+++ PROVIDED DATA +++

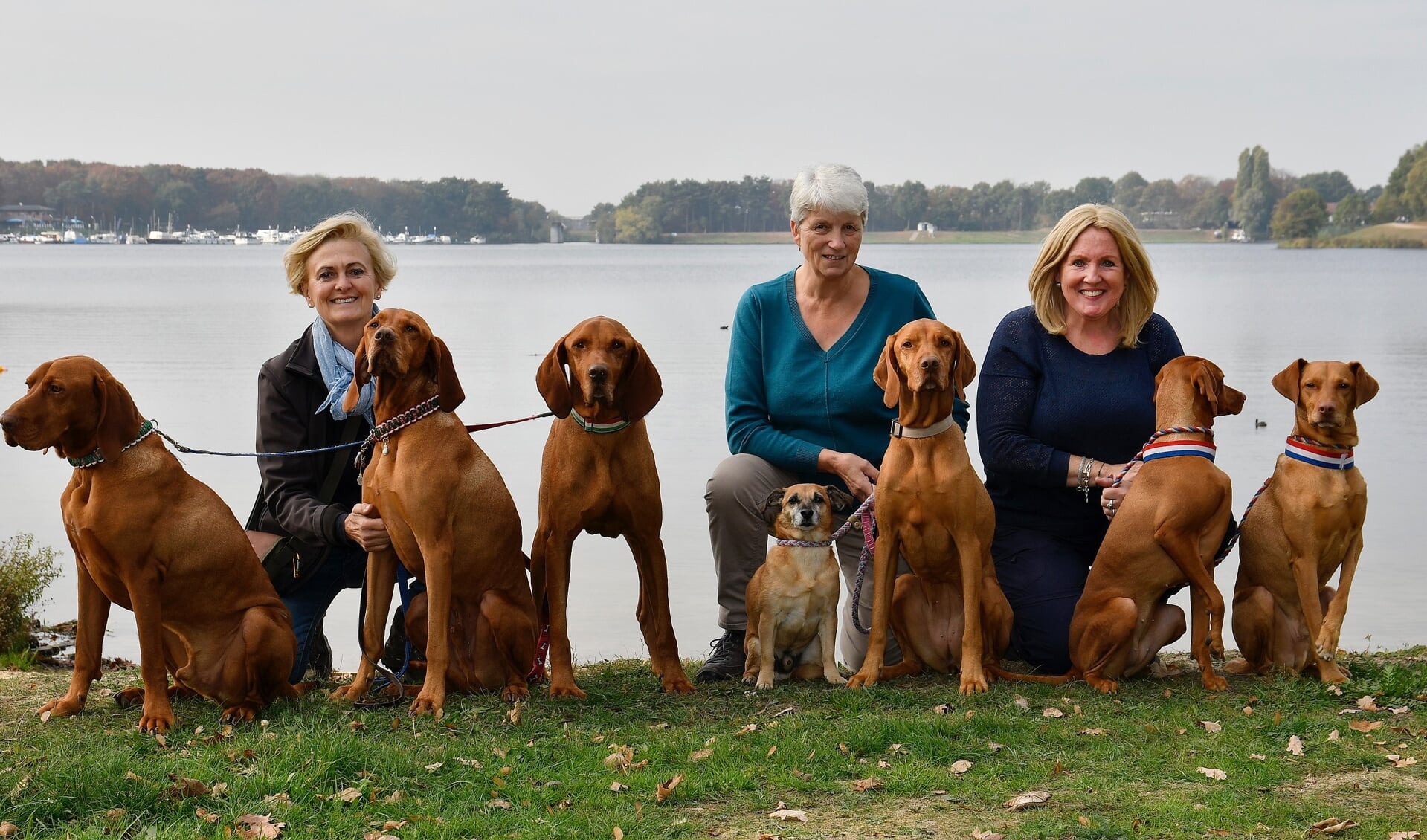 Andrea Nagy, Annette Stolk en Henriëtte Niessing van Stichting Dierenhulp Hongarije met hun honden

+++
+++ PROVIDED DATA +++

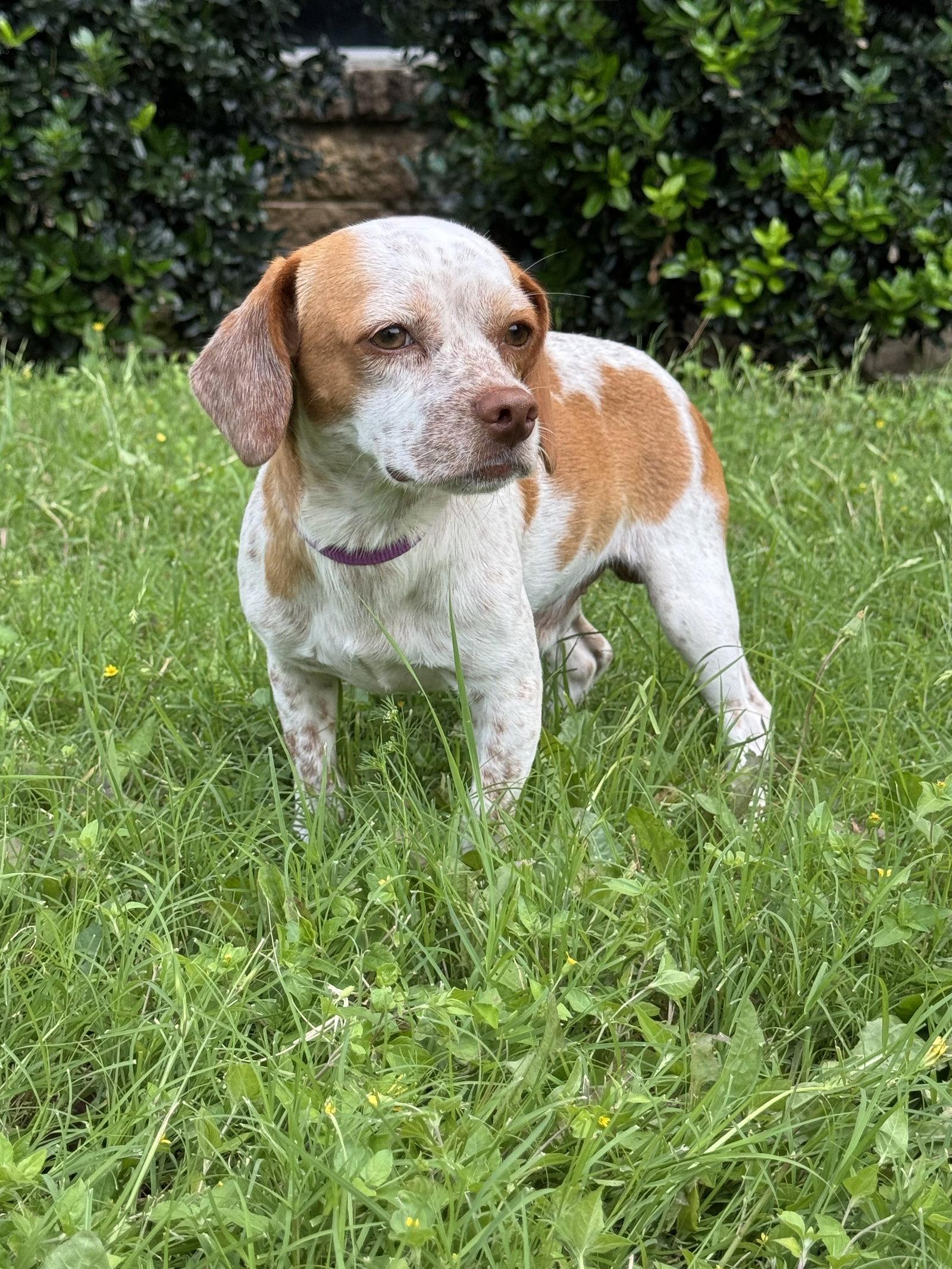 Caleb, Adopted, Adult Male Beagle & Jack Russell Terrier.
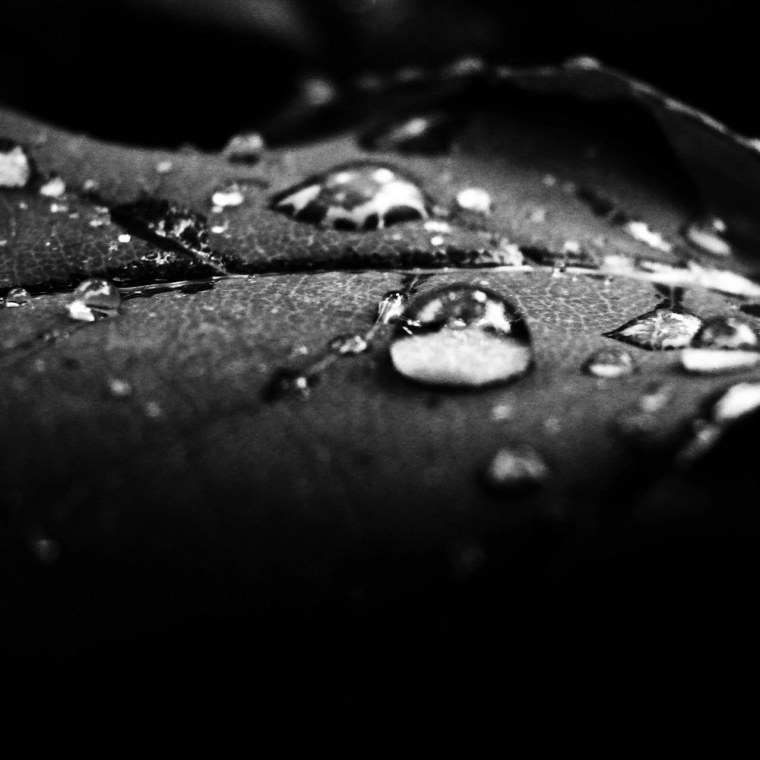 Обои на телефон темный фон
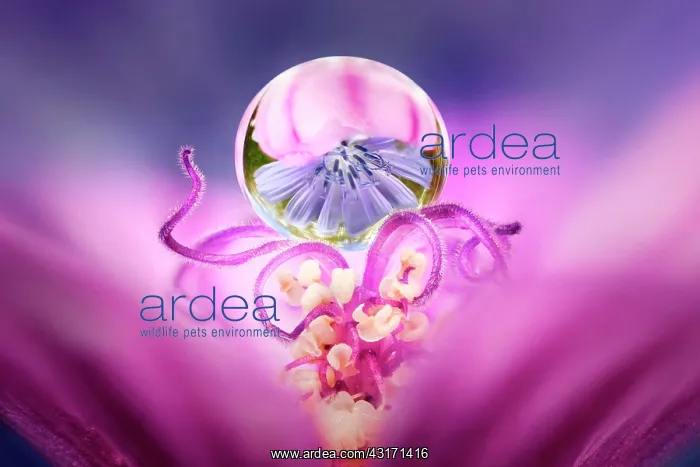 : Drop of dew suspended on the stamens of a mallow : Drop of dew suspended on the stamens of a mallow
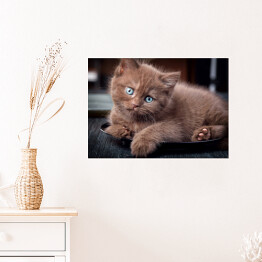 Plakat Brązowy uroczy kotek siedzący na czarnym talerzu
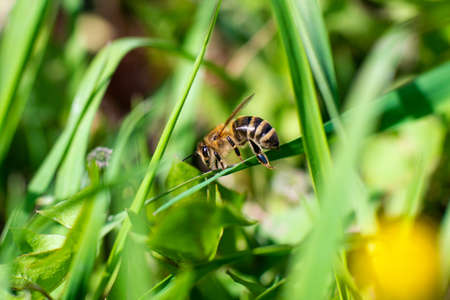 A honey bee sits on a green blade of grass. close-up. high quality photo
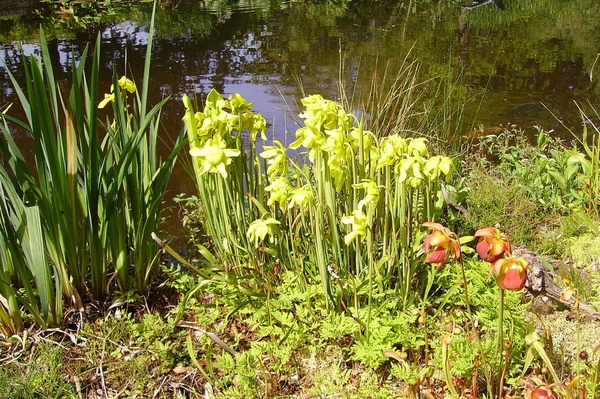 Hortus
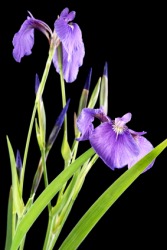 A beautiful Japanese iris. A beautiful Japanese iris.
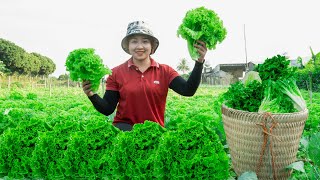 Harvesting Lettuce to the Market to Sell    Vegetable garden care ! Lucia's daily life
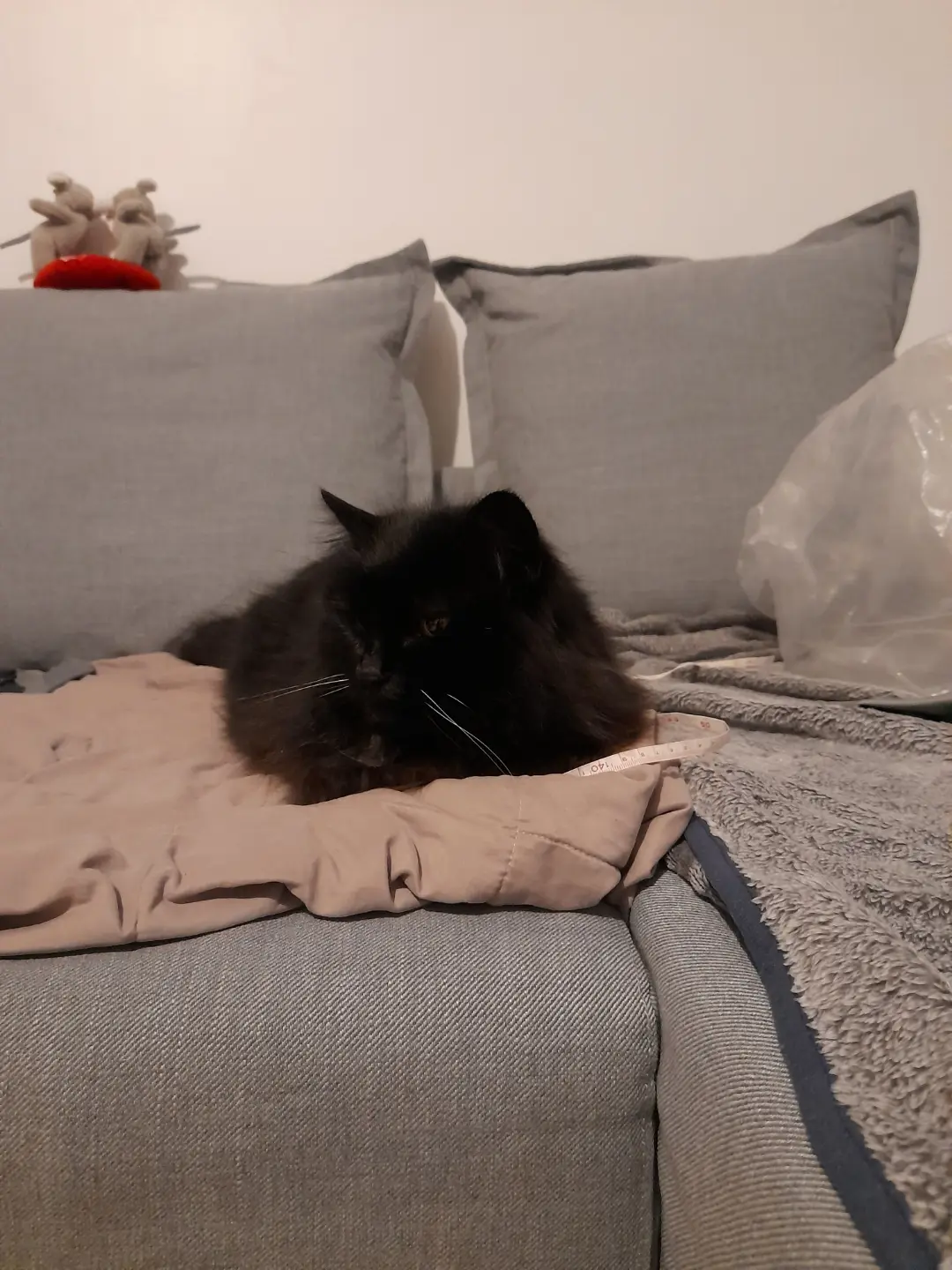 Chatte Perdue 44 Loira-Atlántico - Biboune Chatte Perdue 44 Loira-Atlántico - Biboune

+++

DESCRIPTION OF THE TASK »
Please output, exactly as written, the lines above from the one holding "Plakat Brązowy uroczy" through the one holding "Chatte Perdue 44 Loira-Atlántico - Biboune Chatte", both included, with the pictures omitted.

WRITTEN ANSWER »
 Plakat Brązowy uroczy kotek siedzący na czarnym talerzu
 A honey bee sits on a green blade of grass. close-up. high quality photo
 Hortus
 A beautiful Japanese iris. A beautiful Japanese iris.
 Harvesting Lettuce to the Market to Sell    Vegetable garden care ! Lucia's daily life
 Chatte Perdue 44 Loira-Atlántico - Biboune Chatte Perdue 44 Loira-Atlántico - Biboune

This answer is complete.